Tudo começou com uma brincadeira de um jovem, que se autoproclamou como Jonas Roberto Agostinho dos Santos, usando os nomes dos três líderes dos movimentos de independência e do próprio camarada presidente.
Este
cidadão angolano, cujo verdadeiro nome se omite, convocou uma manifestação para
o dia 7 de Março de 2011, via internet, a partir da Namíbia, onde residia, sem
qualquer ligação a grupos angolanos.
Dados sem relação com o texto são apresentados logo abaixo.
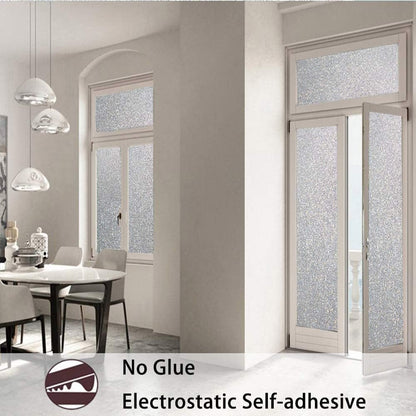 Finnez Frosted Privacy Window Film - Static Cling No Adhesive, Reusable & Easy to Remove, Decorative Glass Film for Home Bathroom Office Door, Crystal Clear 17.5 x 78.7 inches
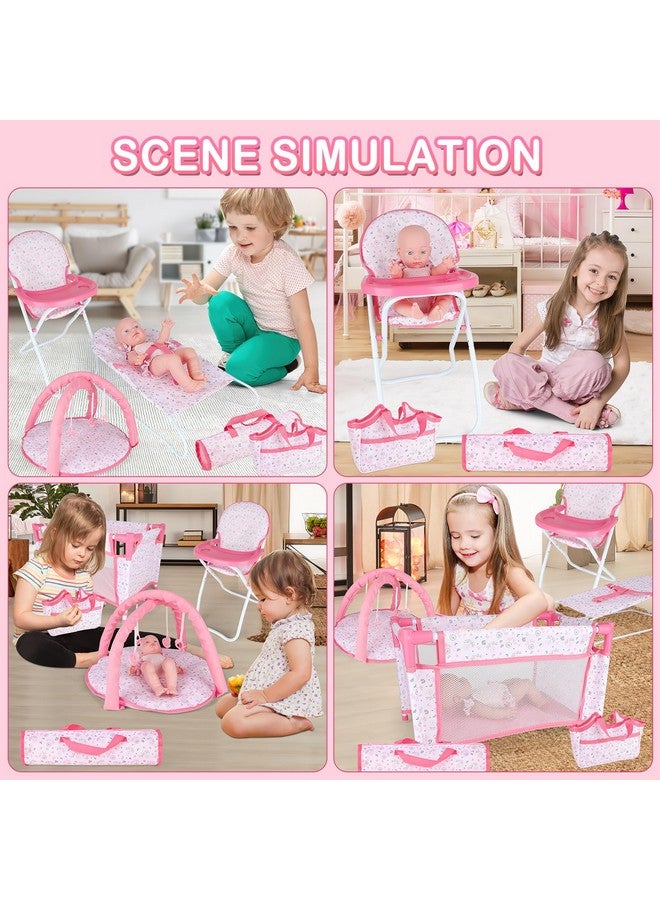 deAO Baby Doll Accessories Baby Doll Playset Doll High Chair Baby Doll Crib Bed Play Mat Storage Bag Handbag Wing - 6 in 1 Pink Dolls Playset with Furniture Toys for 12-14’’ Dolls - Image 2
Estava a testar o que aprendera num curso
sobre a capacidade de mobilização através da internet.
Atemorizado
por essa brincadeira, o MPLA despendeu dezenas de milhões de dólares e recursos
do Estado na organização de uma contramanifestação, que ocorreu a 5 de Março de
2011. Foi chamada a marcha de um milhão a favor do presidente. Na altura, o
Bureau Político do MPLA acusou os serviços de inteligência do Ocidente, bem
como grupos de pressão em Portugal, Itália, França, Bélgica, Grã-Bretanha e
Alemanha, de serem as forças por detrás da convocação.
No
dia 7 de Março, apareceram cinco curiosos e três jornalistas, imediatamente
detidos, no Largo da Independência, em Luanda.
Em
Abril de 2011, o governo permitiu, sem violência, a realização de uma
manifestação pacífica.
Para
conter as tentativas de manifestação do mês seguinte, o governo começou a
aplicar métodos brutais contra os jovens. A Polícia Nacional, para além da
polícia política e da segurança militar, passou a ser apoiada também pelas
milícias pró-governamentais, formadas essencialmente por cidadãos do Congo
Democrático sob comando de Bento Kangamba, procedendo a actos de identificação
e agressão dos manifestantes.
Apesar
da violência e das prisões arbitrárias, os protestos prosseguiram a 3 de
Setembro de 2011. No total, 21 manifestantes foram não apenas espancados, mais
ainda condenados a penas de prisão de 45 a 90 dias. O dia do seu julgamento
sumário deu lugar a um outro protesto de solidariedade, às portas do tribunal,
onde 30 outros manifestantes foram detidos, brutalmente espancados e encarcerados
por dez dias.
O
MPLA realizou mais uma grande contramanifestação a 24 de Setembro,
desproporcional às dezenas de jovens que se tinham juntado.
Teimosos,
alguns dos manifestantes recém-libertados juntaram-se a outro protesto a 15 de
Outubro, que decorreu sem violência policial, após um compromisso com a polícia
em como não chegariam ao Largo da Independência.
Reactivo,
o MPLA embarcou noutra contramanifestação a 24 de Outubro, destinada a atrair a
juventude. Agastado pelas críticas que o acusam de ter organizado eventos para
embriagar a juventude com cerveja gratuita ou a preços simbólicos, para além de
uma boa selecção de músicos, o MPLA ofereceu maçãs, sumos e água mineral aos
jovens que acorreram ao evento.
A
3 de Dezembro, o pequeno grupo de manifestantes saiu outra vez à rua. Um total
de 14 pessoas foram severamente feridas pela acção brutal da polícia. Já com
pouco fôlego, o MPLA respondeu com um grande comício a 10 de Dezembro. Estive
no acontecimento. A presença dos militantes era compulsiva por via de listas
dos comités de acção e de alguns sectores da função pública. Depois da música,
os milhares de presentes praticamente abandonaram o secretário provincial do
seu partido, Bento Bento, que discursou para um terreiro vazio.
O
MPLA, com todos os meios do Estado à sua disposição, bem como a propaganda
ensurdecedora dos órgãos de comunicação social do Estado a seu favor, perdeu na
batalha das manifestações e contramanifestações.
Cabeças Partidas,
Assassinatos e Jacarés
Uma nova estratégia emergiu no combate aos manifestantes: Partir as cabeças dos cabecilhas, com barras de ferro, nas suas residências ou pontos de encontro longe do Largo da Independência.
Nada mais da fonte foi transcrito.